In the early 80s, there was some discussion about actually tracking commodity prices for the Fed. The problem is they were already pretty volatile back then. They move around a lot. They're fantastically volatile now. What's going on?
Political risk. Saudi Arabia makes decisions. Russia makes decisions. Venezuela makes decisions. The United States makes decisions about Iran. There are a lot of things going on in the price of oil that have nothing to do with markets or inflation, and everything to do with politics. The Fed can't control those things, so it's hard to react to those things.
OK, the other problem with tracking commodities is that it seems like it's a diversified basket. You've got metals. You've got agricultural products. You've got energy.
But mostly, it's energy. It's overrepresented. First of all, it's just a big part of what we spend our commodity money on. The other thing is, other commodity prices actually reflect the price of energy.
When you're looking at aluminium, for example, it takes a ton of energy to make aluminium, right? So the price of energy is going to necessarily affect the price of aluminium. It's overrepresented in the entire basket. So if you want to track commodities, what you are really tracking is gas.
The other thing that's happening right now, particularly energy, is subject to what we'd call a secular shift. This is a change in technology that has nothing to do with the underlying market. So right now, fracking technology has changed the way we extract natural gas and oil.
That means when you get periods like this, 2014, 2015, Saudi Arabia, American frackers are competing to drive the price of oil down. That's not really part of the overall inflation picture. That's volatility in technology that has absolutely nothing to do with the rest of the picture of inflation.
So Francisco Blanch, he's a commodities analyst for Bank of America Merrill Lynch, told me that another problem with this measure is that not only is energy becoming more volatile, it's a smaller and smaller part of the basket of what we buy. People are becoming more energy efficient. That's only going to increase in the future.
So you have a measure that is subject to political risk. It's mostly gasoline. It's got these secular shifts going on with technology. It is a smaller and more volatile part of the things that we buy. And this is what Stephen Moore wants to measure.

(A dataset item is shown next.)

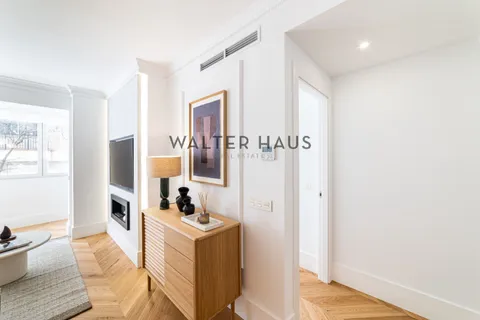 Lejlighed i Madrid, Madrid, Madrid - € 1.200.000 | Ref: M12014V - foto 14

Now, the Fed does look at commodities, and in particular energy prices, when it's thinking about inflation more broadly. It's one small part of what they're considering. They've said that in their public statements.
But this gives us a clue to what Stephen Moore might be thinking. I don't have a channel into his brain. Energy prices in particular are dragging down this broader commodities basket to what you could technically call deflation. Prices are actually decreasing.
What normally happens when central banks see deflation is that they freak out. They're very accommodating. They'll do anything they can to help the economy grow.
So given that energy prices, or commodity prices, are volatile and growing even more volatile, given the fact that it is a small part of the basket, getting even smaller of what we buy, given the fact that it's subject to political risk, given the fact that it's mostly gasoline, given the fact that there are technological shifts, we have to decide. Is Stephen Moore interested in the best way to measure inflation? Or is he inflation shopping?